On managing work and home
“I was working in corporate America for ten years while I wrote this book. I ran huge websites editorially and I wrote this book from eleven o’ clock in the night to one in the morning. I had to work from eight to eight in the day and then come back to my kid, and it was rough, and I’d still do it again because I don’t think you can really… I don’t know of many people who can make a living off of only writing.”

On the Eapens
“Oh, I’ve let it all out. I think that people love the family so much that they ask if I’ll do a sequel, but there’s no sequel for them. The Eapens after Akhil’s death, they’re a completely different family. No one’s ever the same after a death; there is no normal after a death. It bears very little resemblance to the old family. It’s like being in a closet full of clothes that no one fits into.”

On reading and contemporary authors she enjoys
“Yes, I still make time for reading and I scare my husband by how much I read. I have between three and four books that I’m reading at any given time. When I really get time, I can go through two books in two days. There are a bunch of contemporary authors that I love. I love Sherman Alexie. He’s a Native American writer in the States and he’s brutally funny. It’s terrifying because he writes about terribly sad things and so you’re laughing through these incredibly dark things and you realise that this is the survival instinct he has and I have the same instinct but he has a really beautiful way of handling pain and also infiltrating the reader with some of what he’s doing. And Junot Diaz; I love Junot Diaz, as well for that same thing. And Chimamanda. She wrote Americanah. That might be my favourite book that I have read last year. I thought it was really fantastic. It does this great thing, that I have not seen done in literature — she tells a love story. It’s not a stupid love story, a dismissible love story, a love story which she got too embarrassed to write; it’s a political, heavily charged, highly loaded love story. I admire her to death for dong it. ”
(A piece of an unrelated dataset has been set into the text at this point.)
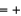 Determine the standard enthalpy of formation for NO given the following information about the formation of NO<sub>2</sub> under standard conditions, and   <font face= symbol ></font>   (NO<sub>2</sub>)    <font face= symbol ></font>33.2 kJ/mol. 2NO(g)    <font face= symbol ></font>O<sub>2</sub>(g)    <font face= symbol ></font>2NO<sub>2</sub>(g)  <font face= symbol ></font>H<sub>rxn</sub>   <font face= symbol ></font>114.2 kJ A) (90.3 kJ/mol)  B) (<font face= symbol ></font>   <font face= symbol ></font>90.3 kJ/mol)  C) (<font face= symbol ></font>   <font face= symbol ></font>147.4 kJ/mol)  D) (<font face= symbol ></font>   <font face= symbol ></font>180.6 kJ/mol)  E) (<font face= symbol ></font>   <font face= symbol ></font>73.7 kJ/mol)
On the Zee Jaipur Literature Festival
“I’ve wanted to come to Jaipur for my entire life so to be able to come here for my writing is such a fantasy. It’s my second festival in India. I was so moved. I’m going to tear up talking about it and I don’t mean to. It is so incredible how Indians read. Just this happening out there; this doesn’t happen in the rest of the world. They’re so intelligent and curious and so devoted, and it is amazing to come here. You feel like a human. A writer anywhere else in the world would feel invisible and like they’re wasting their time because you have no idea, the rest of the world has moved on. My book did great there too, and I had a fine time. It’s come out in Italy and France and hopefully it’ll be fine there too but here, these people are incredible. They read and they read with their hearts. You have to know this. When all these foreign authors come here and see this, we all go back to our hotels and just sit around the table weeping with gratitude for how amazing it is. It’s a freakish honour to be here and you just feel so bewilderingly in love with the Indian population.”